10 July 2009
Movie Review: Meth
I decided to skip some classics I've been meaning to watch and decided to watch this as I reorganized my office. I am very much an advocate for people who use drugs to tell their stories to others. This is in opposition to America's long standing "war against drugs" where fear and purposeful ignorance reign. I believe that substances in drugs are like gods or demons that are highly affective and numinous entities. Every person's experience of a god or demon is different (although collectively some generalities can be made).
I have never tried crystallized methamphetamine (shabu) but I have talked with a number of people that have been addicted to it.
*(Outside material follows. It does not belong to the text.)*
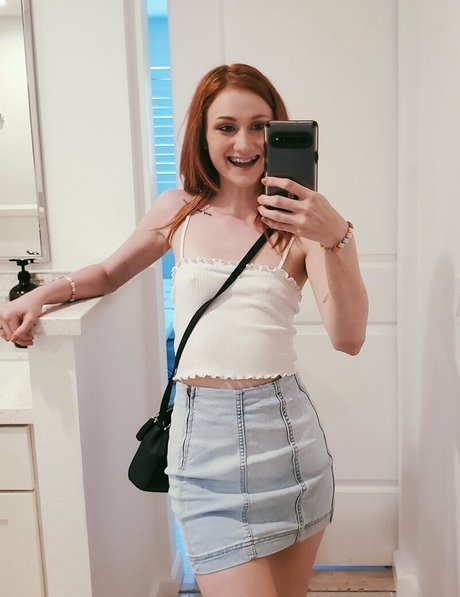 Scarlet Skies onlyfans model photo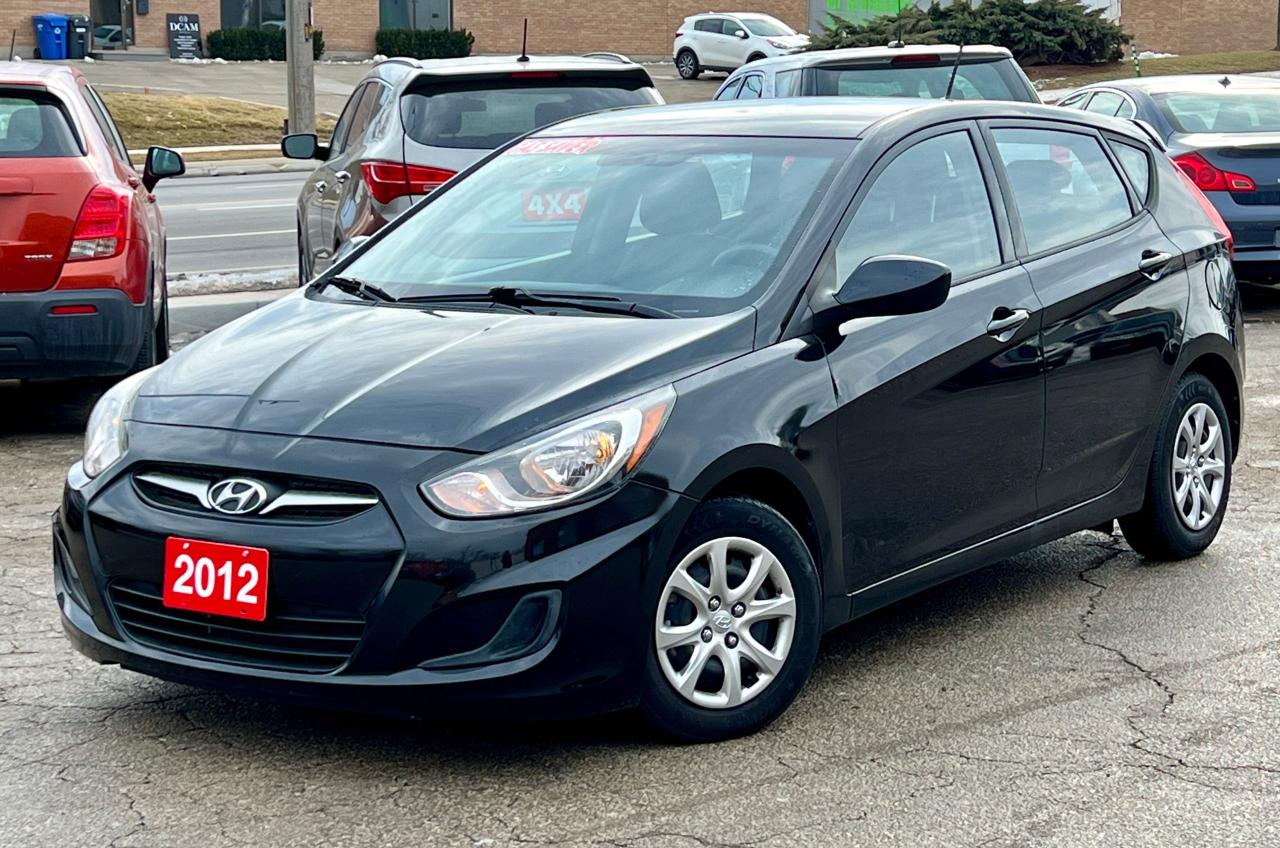 2012 Hyundai Accent GL - Photo #2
The experience is the same, the epinephrine-like response of the reptilian part of the brain over powers everything and life is turned into a simple series of fight-or-flight stimulae. (I'm generalizing their experiences of course.) In other words, people seem to have the energy to carry on three different jobs and never sleep or party and have sex non-stop. Yet it turns into a compulsion since you have two choices: fight or flight. (In my god/demon structure, this would be the god of survival.) Work is related to survival as is the urge to have sex.
Now, Meth interviews people who stopped using or struggling with their addiction in the gay community. The director seems to have gone to some effort to present people and their experience in a way where you could empathize with the people -- well except for the one guy who is still a total addict and was hyperactive and rambling in fast speech. Their stories is what are needed to help people make the decision not to use. People need to hear from others how great it is and then how awful it gets (or in the case of the addict, how great he says it is as you see how awful it is around it).
The closest domestic Philippine film in recent years that I have seen that in any way addresses the drug issue was the quasi-indie Where is Francis? And that seemed to be more like Weekend At Bernie's meets what its like to be a druggie and have your druggie friend die and then try to hide the fact from others. There was a part in Meth that reminded me of this time my cousin and his friend drove me around Makati for a few hours and it wasn't until we got back to his house that it occurred to me that they were totally high out of the minds and we had been driving in circles for a few hours (or maybe I realized we had been driving in circles first?)
I also liked how the director included a lengthy discussion about how the circuit-dance culture and gym-bunny urban gay subculture in the U.S. is conducive to methamphetamine addiction (to the point where I'd almost remark, naturally). A documentary could be done just on the shadow aspects of the urban male American gay subculture yet he was able to bring it in without it taking over the entire film.
Drug addiction is a complex social question that needs more education and explication and discussion of drug use experience not less. The movie makes a contribution towards that.